BEGIN SOURCE RECORDS

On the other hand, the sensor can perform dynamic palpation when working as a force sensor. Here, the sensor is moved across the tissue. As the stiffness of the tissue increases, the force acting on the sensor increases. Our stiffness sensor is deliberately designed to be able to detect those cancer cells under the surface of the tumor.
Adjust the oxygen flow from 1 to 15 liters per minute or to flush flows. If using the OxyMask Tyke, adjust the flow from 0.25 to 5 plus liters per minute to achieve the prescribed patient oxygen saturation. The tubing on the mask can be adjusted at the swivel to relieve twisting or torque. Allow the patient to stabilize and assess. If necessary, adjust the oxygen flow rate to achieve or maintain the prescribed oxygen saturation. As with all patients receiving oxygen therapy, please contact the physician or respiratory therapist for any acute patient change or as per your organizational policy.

END SOURCE RECORDS
BEGIN SOURCE RECORDS

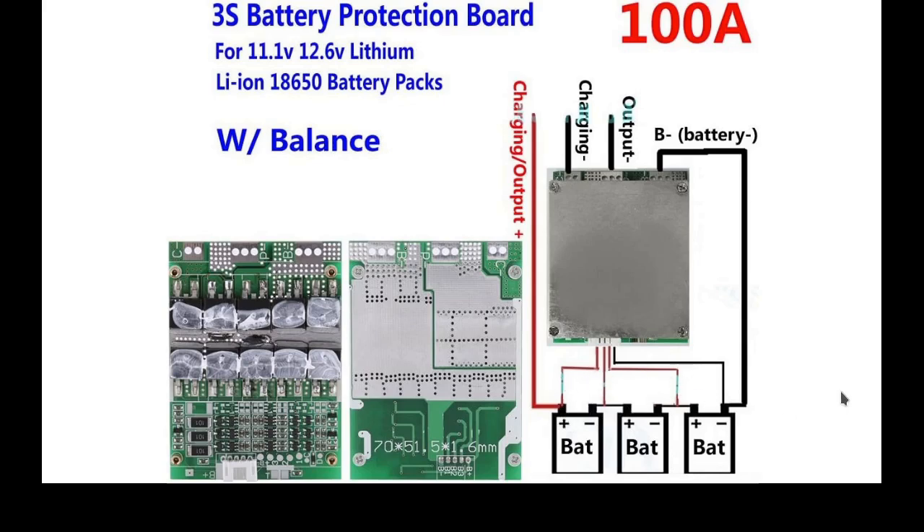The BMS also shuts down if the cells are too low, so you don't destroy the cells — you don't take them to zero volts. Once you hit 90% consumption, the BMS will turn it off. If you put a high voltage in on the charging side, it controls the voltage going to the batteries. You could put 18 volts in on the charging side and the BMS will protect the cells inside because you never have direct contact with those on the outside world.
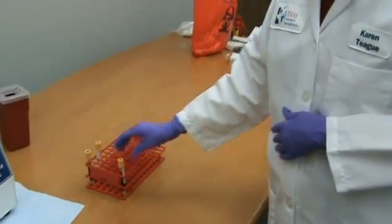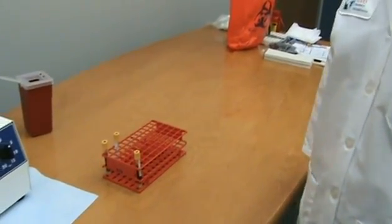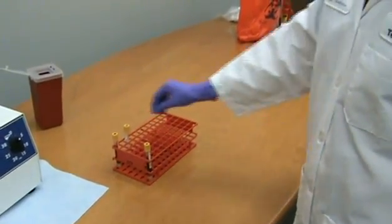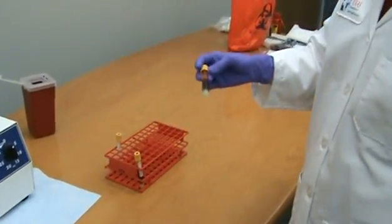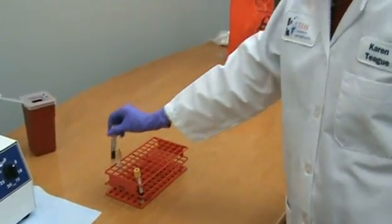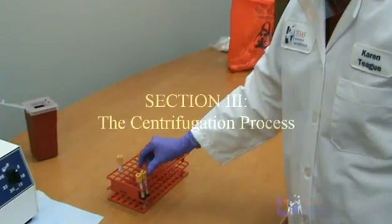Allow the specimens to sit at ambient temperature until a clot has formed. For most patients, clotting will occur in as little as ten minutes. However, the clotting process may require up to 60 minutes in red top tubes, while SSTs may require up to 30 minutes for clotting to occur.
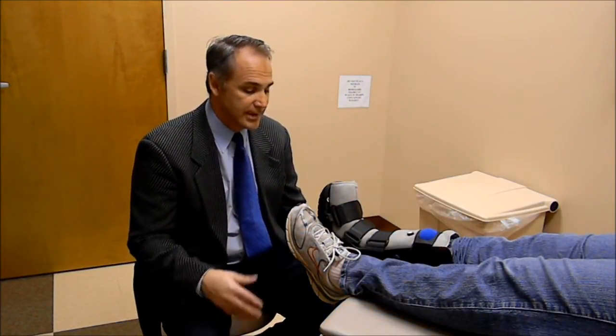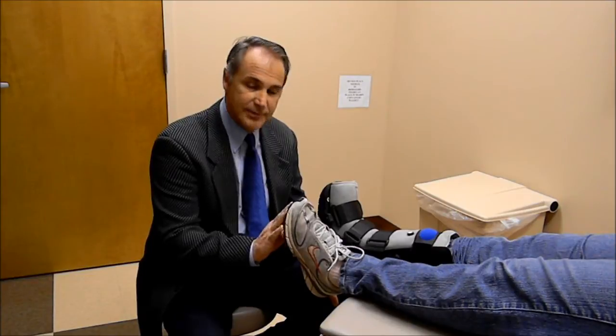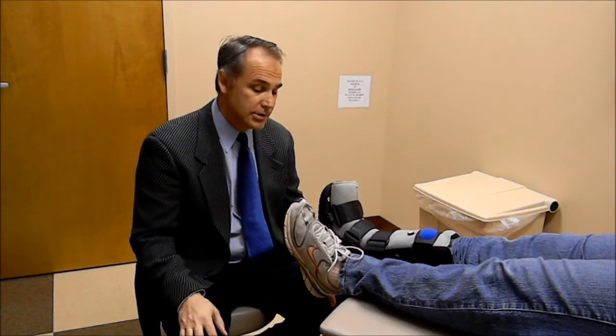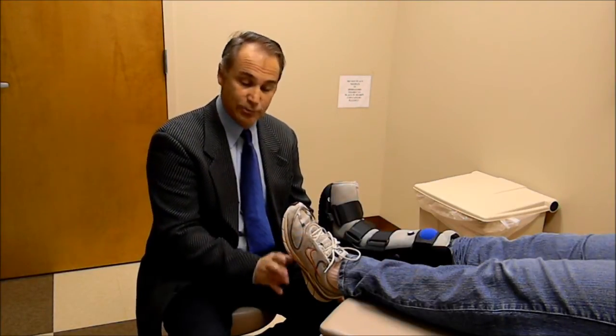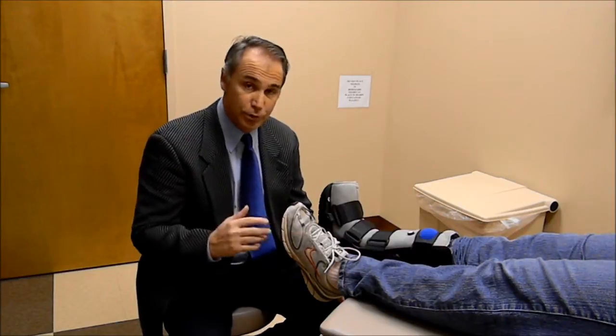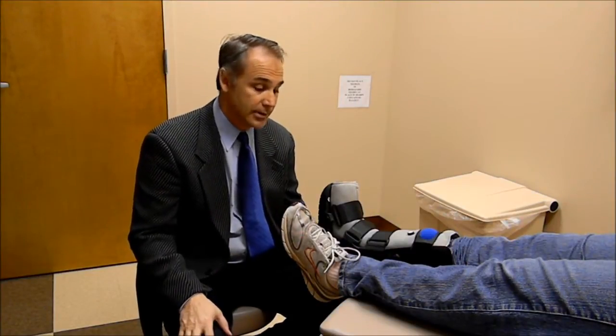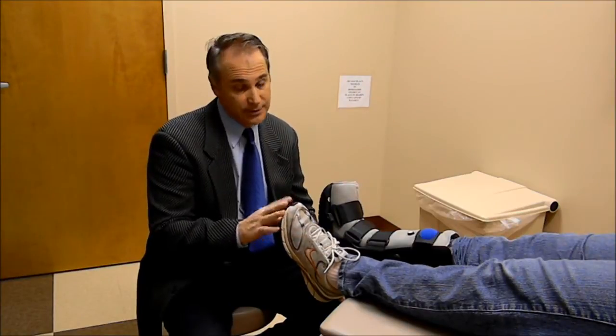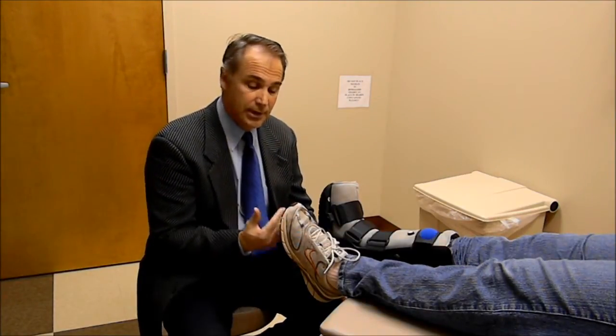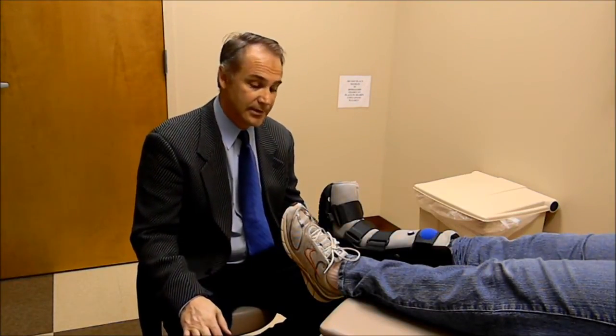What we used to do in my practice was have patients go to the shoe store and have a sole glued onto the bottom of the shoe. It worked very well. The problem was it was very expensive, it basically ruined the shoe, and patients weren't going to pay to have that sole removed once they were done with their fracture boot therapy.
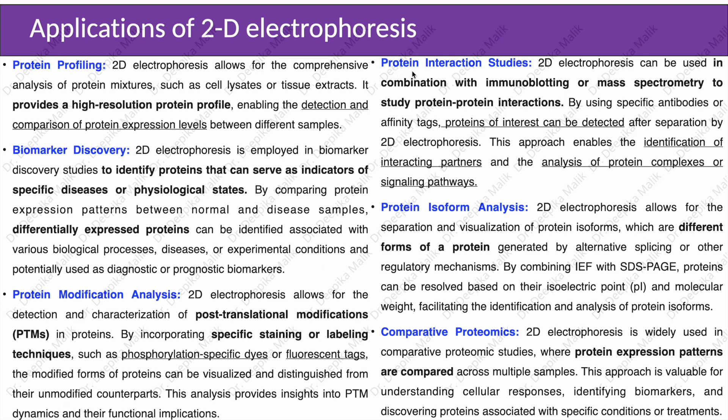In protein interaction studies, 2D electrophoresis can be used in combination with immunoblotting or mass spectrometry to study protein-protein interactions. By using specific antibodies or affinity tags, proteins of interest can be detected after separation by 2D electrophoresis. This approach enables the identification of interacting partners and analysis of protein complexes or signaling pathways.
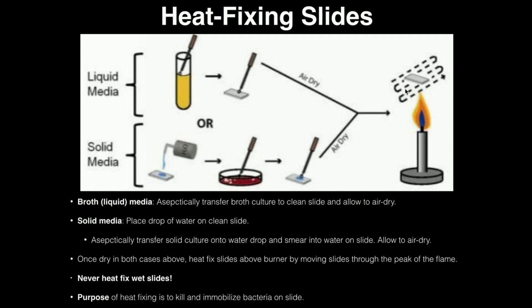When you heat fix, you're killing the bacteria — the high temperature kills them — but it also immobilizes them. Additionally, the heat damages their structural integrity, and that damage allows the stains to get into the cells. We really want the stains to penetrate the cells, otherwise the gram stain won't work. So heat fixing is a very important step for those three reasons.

END SOURCE RECORDS

Repeat, without pictures, exactly the lines of the data above from the one containing "The BMS also" through the one containing "Allow the specimens", including both and adding nothing.

# [TASK SOLUTION]
The BMS also shuts down if the cells are too low, so you don't destroy the cells — you don't take them to zero volts. Once you hit 90% consumption, the BMS will turn it off. If you put a high voltage in on the charging side, it controls the voltage going to the batteries. You could put 18 volts in on the charging side and the BMS will protect the cells inside because you never have direct contact with those on the outside world.
Allow the specimens to sit at ambient temperature until a clot has formed. For most patients, clotting will occur in as little as ten minutes. However, the clotting process may require up to 60 minutes in red top tubes, while SSTs may require up to 30 minutes for clotting to occur.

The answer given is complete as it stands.